Emissionen durch Kunstschnee hängt von der Energiequelle ab
Weg von den Mittelgebirgen, zurück zur Studie über die Umweltauswirkungen von Kunstschnee. „Das Ausmaß der Emissionen durch künstliche Beschneiung hängt in einem sehr hohen Ausmaß von der verwendeten Energie ab“, betont Robert Steiger. „Legt man die durchschnittlichen Emissionen unseres aktuellen Stromverbrauchs in Österreich zugrunde, entstehen rund 200 g CO2 pro Kilowattstunde. Bei der Verwendung von Ökostrom sinkt der CO2-Ausstoß auf rund 10 g pro Kilowattstunde.“
Um den Skisport durch nachhaltigere Beschneiung zu fördern, empfiehlt das Forschungsteam eine gemeinsame Anstrengung von Skigebietsbetreibern, Politikern, Umweltorganisationen und Skifahrern. Ziel ist die Entwicklung umfassender Strategien und Praktiken. Angesichts der Herausforderungen des Klimawandels und dessen Auswirkungen auf die Schneedecke sollte der Fokus auf Nachhaltigkeit liegen. Kunstschnee ist allerdings nicht nur durch den enormen Wasser- und Strombedarf bei der Herstellung sehr heikel, sondern auch wegen seiner Auswirkungen auf die Umwelt.
Welche Folgen hat Kunstschnee für die Umwelt?

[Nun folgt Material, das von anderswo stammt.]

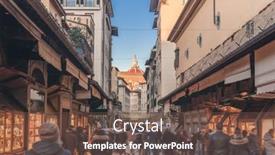  Presentation with italy car - Slide set having view-of-ponte-vecchio-florence background and a tawny brown colored foreground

Für die Herstellung von Kunstschnee wird hauptsächlich gesammeltes Schmelz- und Regenwasser verwendet, das in speziell dafür angelegten „Beschneiungsteichen“ über das Jahr hinweg aufgefangen wird. Zur Schneeerzeugung zerstäubt man das Wasser in den Düsen einer Schneekanone oder Schneelanze sehr fein, um es anschließend auszublasen. Ein Problem: Nicht immer reicht das Wasser aus den Beschneiungsteichen aus, dann wird das Grundwasser angezapft.
Ein generelles Problem bei allen Skipisten: Der Boden wird durch das Planieren und Festdrücken des Schnees enorm verdichtet, so dass Oberflächenwasser weniger gut versickert. Das führt zu Bodenerosionen und begünstigt Schlammlawinen. Zudem kommt es langfristig zu einem Grundwassermangel. Generell hat sich Natur schwer, sich wieder auszubreiten, wenn die Hänge nicht länger planiert werden.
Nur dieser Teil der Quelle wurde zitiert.